Quem conhece a fundo a Praia de Mira, conhece as suas gentes. E, quem conhece as suas gentes, sabe bem quem é Manuel Gabriel e tantos outros da sua geração…
Homem rijo, de fibra conquistada a cada gota da água dos oceanos por onde esteve, este cidadão carismático conta histórias de rir e de chorar, no seu livro “Atrevimento de um pescador (e as horas de solidão”).
Ali, naquelas 205 páginas, estão os momentos marcantes, feitos de muito suor, muitas lágrimas e muita força interior, para resistir às intempéries do tempo e da alma…
Ali, a força física é demonstrada ao extremo, levada ao extremo, como extremas eram as condições dos pescadores do mar alto, naqueles tempos….
Ali, naquelas páginas, este homem que conta 71 anos de vida e continua sendo afável, nada vaidoso, humilde e brincalhão, conta passagens que dão que pensar…
É que a vida que ele escolheu (ou terá sido “ela” a escolhê-lo?), logo aos 16 anos, foi tudo menos fácil. Nela estão inclusos a “Arte Xávega”, a duríssima pesca do bacalhau pela Terra Nova e pela Groenlândia, a pesca em “águas mais quentes”, em África, os salvamentos de naufrágios, e tantas outras peripécias, em que um pequeno texto era incapaz de dar a sua real dimensão de vida!

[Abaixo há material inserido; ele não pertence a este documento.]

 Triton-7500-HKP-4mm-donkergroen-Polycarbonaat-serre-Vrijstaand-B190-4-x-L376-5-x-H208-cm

Manuel Gabriel é, certamente, um herói, como tantos outros que já partiram e tantos outros que ainda cá estão.
Manuel Gabriel é uma imagem perfeita das dores que esta gente sente quando se lança ao mar, sem saber se retorna.
Manuel Gabriel é um pouco de cada luto das viúvas que choraram (e ainda choram) em tristes notícias que vemos pela televisão.
Ele, que experimentou trocar o mar que o apaixonou perdidamente, pela imigração no Luxemburgo, porém, sem sucesso: de lá voltou doente do corpo, e (quem sabe?) da alma que sentiu saudades das torrenciais chuvas que caíam abundantemente, a juntarem-se às águas do Oceano…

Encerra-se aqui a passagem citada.